In order to confront racism and finally move to an authentically just society requires all of us to take ownership and responsibility in its eradication. In this regard, we must not be afraid to confront our own complicity in our silence, and we must be willing to confront manifestations of racism wherever it emerges. Living with a horrible pandemic in our midst that has taken over 100,000 lives - with a disproportionate impact on communities of color - creates a new sense of urgency for us to address these systemic issues of racial inequities and injustice. The display of social unrest in the U.S. and around the world demonstrates the critical nature of racial injustice, and how it affects each of us in a real way.
Our task at CSUMB is to meet the ideas expressed in our founding mission statement. As President Ochoa points out in his statement, the founders of this university expressed a commitment to producing graduates that will have “the social responsibility and skills to be community builders.” To erase the scourge of systemic racism requires that we are fully committed to providing our students with the capacity and commitment to be community builders and leaders in moving this society to a new day, a day in which the killing of an unarmed Black man by a member of law enforcement would be a disturbing relic of our past. These times also call for each of us within the CSUMB campus community to model the type of university community where everyone is valued, respected and fully engaged in the life of CSUMB.

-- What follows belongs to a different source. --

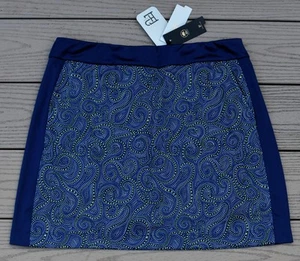 NWT EP New York "Geo Paisley" Womens 17" Pull On Golf Skort-Small Ret@$102 INKY - Picture 1 of 7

To help our university community move forward, we should start accessing resources to help us understand the nature and scope of the racism we face in this country. On Friday, June 5, 2020, 12:00 – 1:30 pm, the Building Community Through Dialogue (BTCD) Co-Op will facilitate a voluntary roundtable discussion for those who want to discuss the recent events in a safe/brave space. Information on the BCTD discussion will be made available to the community in the coming days. This upcoming academic year, the President’s Committee on Equity and Inclusion (PCEI) will make Ibram Kendi’s How to Be an Antiracist book part of an ongoing university-wide discussion and will sponsor related activities to the book. The Office of Inclusive Excellence (OIE) will offer its Diversity Learning Series virtually in the fall; we will also be expanding our offerings to provide a forum for broader discussions and presentations on issues related to systemic racism. Both the OIE and PCEI stand ready to partner and support any member of the university community who wants to sponsor programs and activities that help us as we move forward, addressing the issue of systemic racism.
During these times, I am reminded of James Baldwin’s Letter to My Nephew. In the essay, Baldwin addresses the burden that African Americans have carried in a country that has never seen them as equals. Baldwin says, “Please try to remember that what they believe, as well as what they do and cause you to endure, does not testify to your inferiority, but to their inhumanity and fear.” The law enforcement officer who took George Floyd’s life displayed his inhumanity when he ignored Mr. Floyd’s pleas and continued to suffocate the life out of him. While we don’t know the police officer’s motives for his treatment of George Floyd, we must reject the callous disregard for human life, Black lives in particular, with every ounce of humanity we possess. We must actively embrace the belief that we are all equally endowed with the right to life, liberty, and the pursuit of happiness. It is far beyond time for us to finally live up to that founding ideal.
I appreciate the support of the President and Cabinet in this statement and in the work of OIE and PCEI. I wish all of us peace and safety during these very troubling times. We must and will do the seriously hard work to make the change that gives us a better world, in which we can all be proud. It will not be easy, but it will be necessary.